_WHAT THE TASK ASKS_
Only the number is wanted: state how many lines of the data below contain the word "closed".

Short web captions
****************************************
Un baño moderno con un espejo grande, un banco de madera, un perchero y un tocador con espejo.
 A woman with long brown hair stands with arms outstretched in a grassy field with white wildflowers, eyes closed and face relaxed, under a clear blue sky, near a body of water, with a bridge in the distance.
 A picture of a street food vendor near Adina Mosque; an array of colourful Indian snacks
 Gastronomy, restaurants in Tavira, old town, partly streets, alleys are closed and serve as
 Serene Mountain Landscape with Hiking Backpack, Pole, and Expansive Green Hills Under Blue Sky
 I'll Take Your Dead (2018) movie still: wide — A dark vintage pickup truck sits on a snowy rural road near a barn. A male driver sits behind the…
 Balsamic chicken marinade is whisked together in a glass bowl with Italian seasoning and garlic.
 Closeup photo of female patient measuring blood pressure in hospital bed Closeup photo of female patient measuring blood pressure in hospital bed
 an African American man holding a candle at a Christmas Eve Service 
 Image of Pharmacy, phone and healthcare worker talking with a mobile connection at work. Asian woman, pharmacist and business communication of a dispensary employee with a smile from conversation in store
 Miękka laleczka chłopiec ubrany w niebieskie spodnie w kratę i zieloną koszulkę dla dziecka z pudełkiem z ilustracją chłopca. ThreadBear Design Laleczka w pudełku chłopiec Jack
****************************************
_TASK RESPONSE_
2